Got to go – politics is making me lose the will to live…

First day back

We arrived, we put new food in the feeders and we set the telescope up.

Then we waited.

Four hours later I have only seen one bird through the telescope. It was a Great Tit, which gathered a beakful of seed and flew back to the hedge to eat. That was the only time I was quick enough: all other visits were so quick that by the time I bent to look through the eyepiece there was nothing to see.

After a while we started looking at things like the sheep in the field next door, though as they were all facing away from us it wasn’t a great view. After that we looked at trees, nitrogen tanks, fence posts and passing traffic.

It’s been a W H Davies sort of day – with lots of time available to stand and stare, Or sit and stare, to be precise.

The rest of the time has been spent in taking down Christmas decorations and eating biscuits. I won’t say which bit I preferred but have a guess. It hasn’t been the most industrious start to the year, particularly considering the amount of paperwork that has been building up for me, but I always like to get the decorations down in time for 12th Night. I’m not superstitious or anything, I just don’t see the point in Christmas decorations once Christmas is over. Anyway, a day with birds and biscuits can never be a bad day, even if you do nothing else.

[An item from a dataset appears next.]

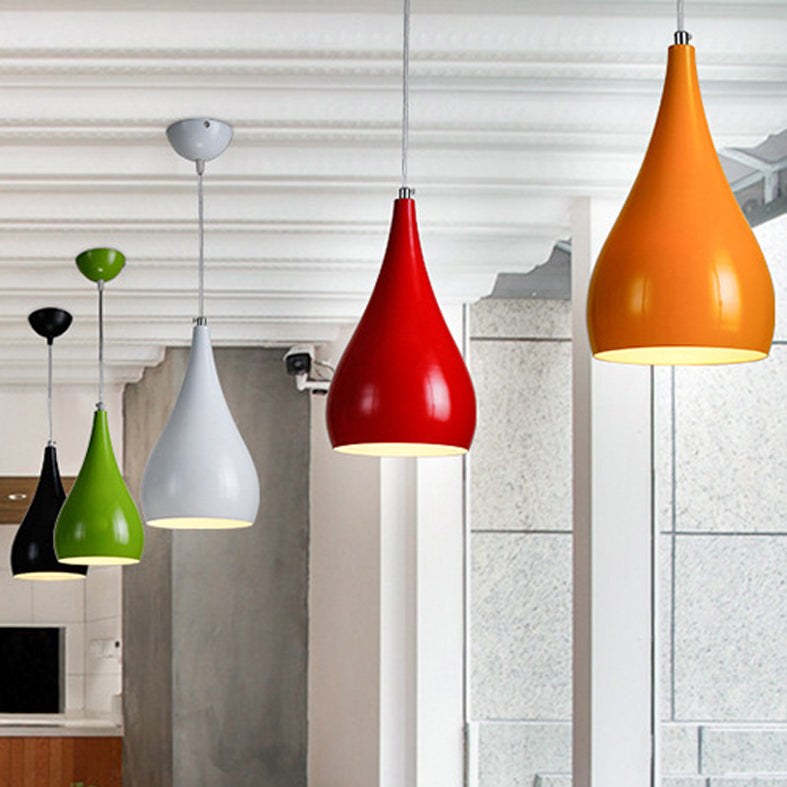 Macron Color Metal Hanging Light Nordic Style Pendant Light Cone Shape Hanging Light for Kitchen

Considering that my only resolution of the new year was to “be more industrious” this probably counts as a failure. If only I’d chosen “eat more biscuits”…

Bird feeders

We moved the bird feeder last week and the visitors have been building up nicely. For some reason we never seemed to get many birds in the old location but within a few days we have had chaffinches, a robin, blue tits and great tits.

We have house sparrows, greenfinches and goldfinches around so I’m hoping we will see them before long. There are also dunnocks and a wren but they aren’t great visitors of bird feeders so they may not bother.

I’ve seen yellowhammers a couple of fields away and we get occasional visits from long-tailed tits. It would be good to see them visiting too. With my luck we’ll probably have a visit from a sparrowhawk.

They fly over on  a regular basis and we suspect that they have taken a number of young poultry over the years. One morning a female sparrowhawk emerged from a gateway as we drove along the road. She had a pigeon in her talons and was making heavy work of trying to carry it away, being unable to gain height with her burden. I’m not sure who was most surprised by the meeting.

We will set some time to one side on Monday for bird recording and see what comes. One of the group did well identifying birds when he visited a nature reserve last week so we want to maintain his enthusiasm. We might even get a photograph.